Can someone give a quick back-of-the-envelope rationale for change number 2 (or point me to the discussion)? Does "the peg" mean the median price feed? So now we should expect a discontinuous market price: if we're right at the peg, as soon as someone places a bid a tiny bit above the peg, some short 10% below the peg matches him? Sounds like it could get very confusing for traders.
Confusing? Everyone gets exactly what they asked for. If you short Q quantity at P price, then you get a short position for Q units with 2*Q*P collateral if the order is totally filled. If you enter a Bid for Q quantity at P' price, then you spend exactly Q*P' and get exactly Q units if the order is totally filled.
If P << P' (that is, top of Ask/Short book is much less than top of Bid book), then the system takes the difference.

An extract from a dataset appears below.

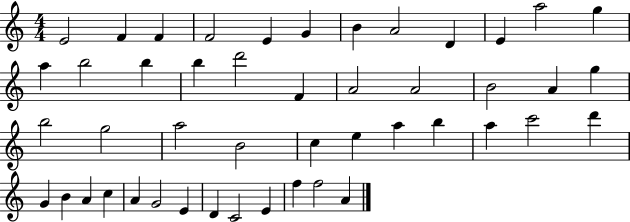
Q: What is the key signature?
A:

As for the rationale -- basically there is so much demand to short the dollar, above and beyond the peg. So much that they are willing to pay a premium, in the form of setting a short price below the peg and hoping BitUSD will sink even lower. In the older version, the short-heavy Ask book was moving the price far away from the peg by pushing all the way down the Bid book which was much thinner (I think the sorts of people who are actively trading BTSX right now think BTSX is going to the moon and short dollars, trying to add leverage to their BTSX holdings). In the new version 0.4.11, shorts are allowed to compete with each other for a limited Bid pool based on the premiums they are willing to pay, but the premium now goes to the network in the form of fees, instead of to BitUSD buyers in the form of really cheap BitUSD.